The real opportunity, however, lay across the turf, in the businessman’s court. As keen-eyed as ever, it didn’t take the seasoned publisher to dowse the niche for a ‘spiritual’ press.
Soon enough, magazines, one after another rolled out and were consumed hungrily by a terrified, superstitious market. Along with Information Technology, the fever of spiritualist practices pervaded the soul of India. Denounced by every level headed Indian from Swami Vivekananda to Mahatma Gandhi, these superstitions got a good conduct certificate from the practitioners of its western counterparts as well, such as Wicca and tarot and you name it – the fact that these ‘prophets’ and ‘sorcerers’ are also
out to make a quick buck seems to have been lost on the frenzied population of India. One thing Bharat Mata has proved: that India is the definitive millennium market for superstitions, from the idea that IT makes a Bill Gates out of you, to God has a single purpose and that will be emailed to you if you pay a dollar.

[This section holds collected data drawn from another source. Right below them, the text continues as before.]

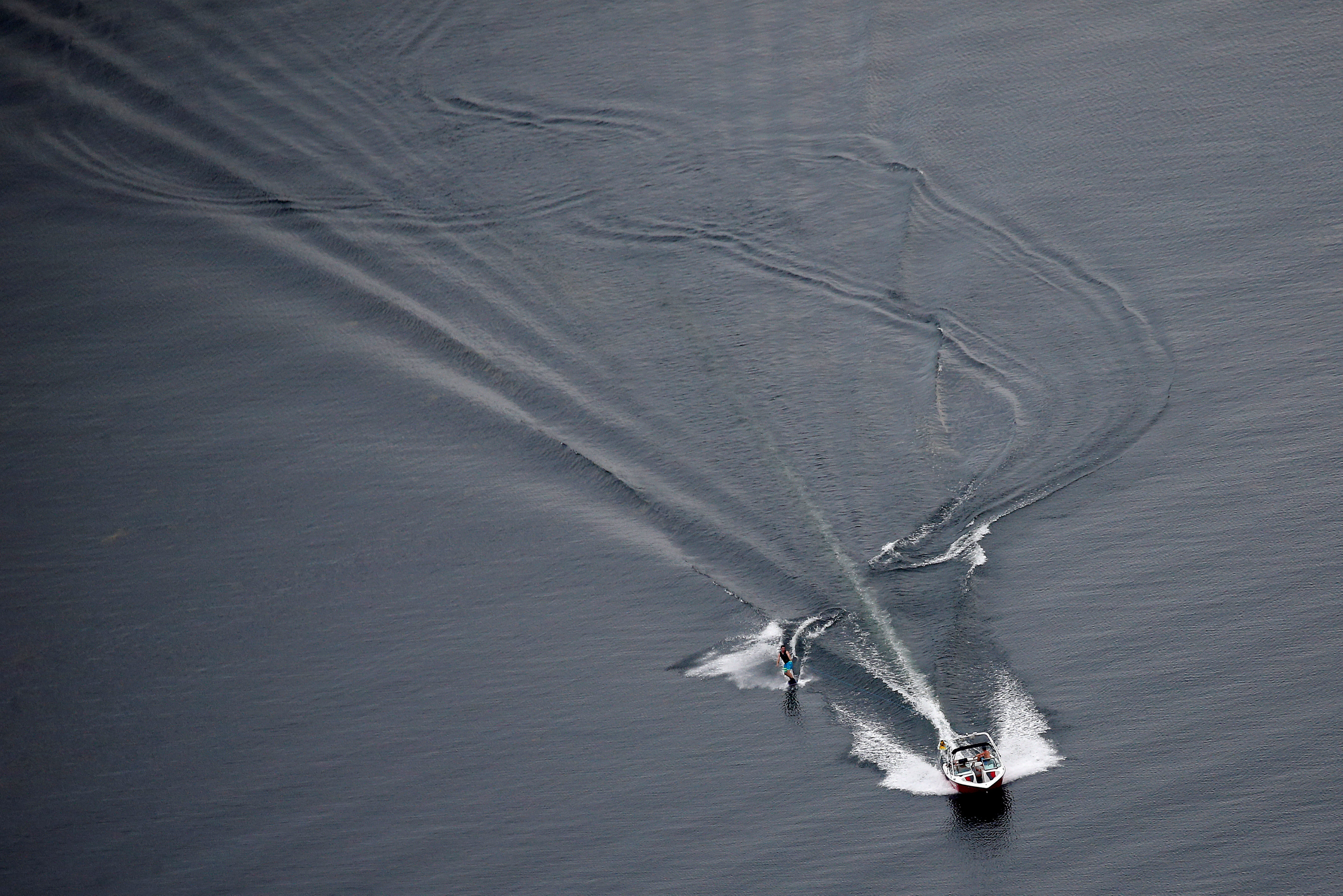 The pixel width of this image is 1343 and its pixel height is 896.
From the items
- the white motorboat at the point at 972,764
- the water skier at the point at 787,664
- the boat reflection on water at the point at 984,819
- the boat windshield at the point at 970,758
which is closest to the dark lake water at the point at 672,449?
the boat reflection on water at the point at 984,819

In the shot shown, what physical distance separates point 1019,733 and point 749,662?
21.1ft

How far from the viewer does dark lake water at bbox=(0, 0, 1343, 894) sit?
100 ft

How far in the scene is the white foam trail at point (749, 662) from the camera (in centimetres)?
3272

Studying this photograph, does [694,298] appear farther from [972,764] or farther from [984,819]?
[984,819]

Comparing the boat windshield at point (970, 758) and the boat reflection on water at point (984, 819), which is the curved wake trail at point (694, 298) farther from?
the boat windshield at point (970, 758)

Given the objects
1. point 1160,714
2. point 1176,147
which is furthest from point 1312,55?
point 1160,714

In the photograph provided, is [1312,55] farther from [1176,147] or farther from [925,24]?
[925,24]

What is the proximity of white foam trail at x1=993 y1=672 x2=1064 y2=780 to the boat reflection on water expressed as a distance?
59cm

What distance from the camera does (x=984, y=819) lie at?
96.9ft

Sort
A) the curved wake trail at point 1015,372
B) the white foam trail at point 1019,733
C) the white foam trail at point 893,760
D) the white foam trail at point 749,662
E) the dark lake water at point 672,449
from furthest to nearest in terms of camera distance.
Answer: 1. the curved wake trail at point 1015,372
2. the white foam trail at point 749,662
3. the dark lake water at point 672,449
4. the white foam trail at point 1019,733
5. the white foam trail at point 893,760

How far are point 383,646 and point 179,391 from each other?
1318cm

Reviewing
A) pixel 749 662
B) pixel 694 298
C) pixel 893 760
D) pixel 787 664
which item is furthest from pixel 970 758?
pixel 694 298

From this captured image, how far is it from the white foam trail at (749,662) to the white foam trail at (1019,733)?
195 inches

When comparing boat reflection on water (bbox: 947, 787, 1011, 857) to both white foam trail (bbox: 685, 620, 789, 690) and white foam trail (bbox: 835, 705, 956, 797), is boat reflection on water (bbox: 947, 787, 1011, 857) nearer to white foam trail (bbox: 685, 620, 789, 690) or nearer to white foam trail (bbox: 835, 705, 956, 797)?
white foam trail (bbox: 835, 705, 956, 797) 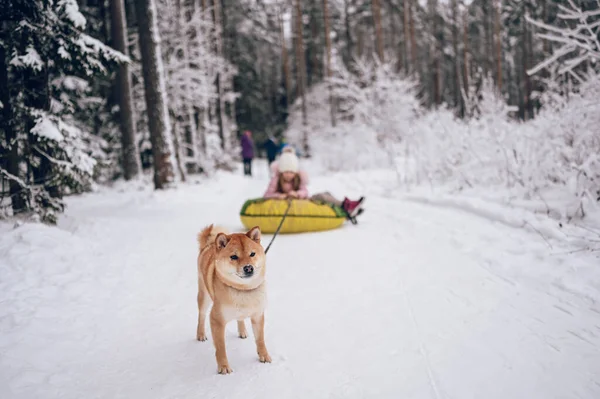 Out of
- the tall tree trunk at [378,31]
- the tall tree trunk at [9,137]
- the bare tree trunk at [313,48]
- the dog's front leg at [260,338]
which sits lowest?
the dog's front leg at [260,338]

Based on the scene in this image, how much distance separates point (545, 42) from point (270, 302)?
2606 cm

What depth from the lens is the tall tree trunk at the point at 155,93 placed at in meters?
9.56

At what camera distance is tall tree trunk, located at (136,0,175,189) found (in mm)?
9562

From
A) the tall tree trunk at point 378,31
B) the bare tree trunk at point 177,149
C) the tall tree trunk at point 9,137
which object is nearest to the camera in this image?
the tall tree trunk at point 9,137

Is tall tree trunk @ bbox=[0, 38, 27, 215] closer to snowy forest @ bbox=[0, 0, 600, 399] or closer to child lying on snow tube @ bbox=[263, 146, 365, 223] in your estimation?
snowy forest @ bbox=[0, 0, 600, 399]

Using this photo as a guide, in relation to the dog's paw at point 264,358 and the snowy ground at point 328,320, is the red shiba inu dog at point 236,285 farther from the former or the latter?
the snowy ground at point 328,320

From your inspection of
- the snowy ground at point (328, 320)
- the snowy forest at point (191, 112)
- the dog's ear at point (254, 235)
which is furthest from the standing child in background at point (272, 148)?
the dog's ear at point (254, 235)

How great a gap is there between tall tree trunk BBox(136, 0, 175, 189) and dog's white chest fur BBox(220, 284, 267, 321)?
8245 mm

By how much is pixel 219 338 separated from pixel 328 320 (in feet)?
3.69

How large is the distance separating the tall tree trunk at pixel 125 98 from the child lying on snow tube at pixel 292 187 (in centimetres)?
737

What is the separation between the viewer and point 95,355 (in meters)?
2.86

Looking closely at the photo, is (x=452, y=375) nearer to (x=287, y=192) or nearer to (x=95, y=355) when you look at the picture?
(x=95, y=355)

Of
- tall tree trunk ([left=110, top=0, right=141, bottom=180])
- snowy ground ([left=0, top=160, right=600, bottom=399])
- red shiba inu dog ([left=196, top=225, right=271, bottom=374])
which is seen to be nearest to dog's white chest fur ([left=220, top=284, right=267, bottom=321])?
red shiba inu dog ([left=196, top=225, right=271, bottom=374])

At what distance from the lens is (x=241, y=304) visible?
2508 millimetres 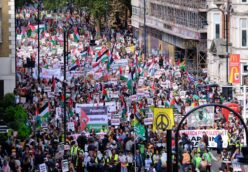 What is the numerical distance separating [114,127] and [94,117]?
3.37 ft

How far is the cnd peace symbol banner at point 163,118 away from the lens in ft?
137

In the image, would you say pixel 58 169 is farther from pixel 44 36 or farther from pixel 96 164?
pixel 44 36

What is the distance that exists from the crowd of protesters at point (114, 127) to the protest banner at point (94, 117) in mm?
205

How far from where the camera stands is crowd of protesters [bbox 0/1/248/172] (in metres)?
38.3

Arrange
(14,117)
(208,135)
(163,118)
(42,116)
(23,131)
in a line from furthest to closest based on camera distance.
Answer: (42,116), (14,117), (208,135), (23,131), (163,118)

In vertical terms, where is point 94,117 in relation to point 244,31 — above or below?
below

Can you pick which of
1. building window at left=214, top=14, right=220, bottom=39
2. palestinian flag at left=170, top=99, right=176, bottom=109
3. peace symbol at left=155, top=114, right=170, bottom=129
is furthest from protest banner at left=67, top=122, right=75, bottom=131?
building window at left=214, top=14, right=220, bottom=39

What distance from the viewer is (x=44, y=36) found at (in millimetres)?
111938

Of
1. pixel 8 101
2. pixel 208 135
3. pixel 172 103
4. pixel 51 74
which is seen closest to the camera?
pixel 208 135

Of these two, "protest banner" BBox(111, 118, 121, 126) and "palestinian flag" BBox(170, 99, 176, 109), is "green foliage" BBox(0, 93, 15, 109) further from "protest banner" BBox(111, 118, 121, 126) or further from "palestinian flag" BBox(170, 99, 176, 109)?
"palestinian flag" BBox(170, 99, 176, 109)

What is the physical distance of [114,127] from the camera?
4494cm

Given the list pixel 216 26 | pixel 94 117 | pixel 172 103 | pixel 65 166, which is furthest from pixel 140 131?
pixel 216 26

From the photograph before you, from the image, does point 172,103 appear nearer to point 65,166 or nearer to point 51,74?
point 51,74

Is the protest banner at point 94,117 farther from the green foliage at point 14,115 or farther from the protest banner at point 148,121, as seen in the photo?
the green foliage at point 14,115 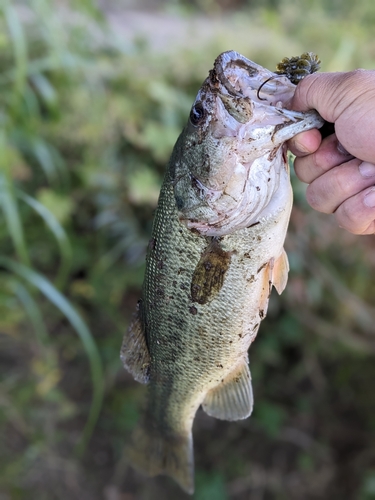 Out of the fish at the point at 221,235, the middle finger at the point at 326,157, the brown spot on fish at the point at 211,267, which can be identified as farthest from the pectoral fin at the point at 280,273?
the middle finger at the point at 326,157

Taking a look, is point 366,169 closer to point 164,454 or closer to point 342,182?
point 342,182

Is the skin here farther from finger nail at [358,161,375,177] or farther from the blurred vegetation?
the blurred vegetation

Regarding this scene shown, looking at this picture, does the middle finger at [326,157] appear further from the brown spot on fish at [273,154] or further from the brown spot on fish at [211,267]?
the brown spot on fish at [211,267]

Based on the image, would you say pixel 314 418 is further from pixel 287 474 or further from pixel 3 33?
pixel 3 33

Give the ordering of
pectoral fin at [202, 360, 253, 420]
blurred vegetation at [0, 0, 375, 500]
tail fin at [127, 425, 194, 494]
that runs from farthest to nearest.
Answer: blurred vegetation at [0, 0, 375, 500] → tail fin at [127, 425, 194, 494] → pectoral fin at [202, 360, 253, 420]

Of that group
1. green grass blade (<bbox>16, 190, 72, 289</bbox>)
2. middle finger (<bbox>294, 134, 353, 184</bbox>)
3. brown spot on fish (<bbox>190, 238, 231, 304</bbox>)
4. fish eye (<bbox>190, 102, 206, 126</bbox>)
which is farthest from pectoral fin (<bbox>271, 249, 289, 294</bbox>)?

The stereotypes have also been changed: gone are the bald-headed, pot bellied old men who mouthed incomprehensible stanzas in Sanskrit or the old hag with a cauldron before her. The astrologer is hardly thirty plus, often holds a management degree, svelte, cool and very, very up market. The witch is, well, what some wives would call a real witch – she is thirty forever or if possible, younger. She comes in all sizes but keeps herself in shape. Unlike yesterday, she is no longer afraid to affirm her status as a witch in the society. Luckily, the coven is not proclaiming ‘so mote it be!’ in a stage show like the Christians. But they are also in the bandwagon, reading tarot, runes, sticks, tea leaves, anything.
Whether all this has any purpose is permanently under discussion. While that goes on in the soap box, what one would like to know is, has any of this fatuity been proven in any of the labs across the globe? If the answer is waxing lyrical like ‘it has been proven in the laboratory of millions of minds’, please excuse, there’s book waiting for me – The Complete works of Swami Vivekananda. Want a quote? "I would rather have every one of you be rank atheists than superstitious fools".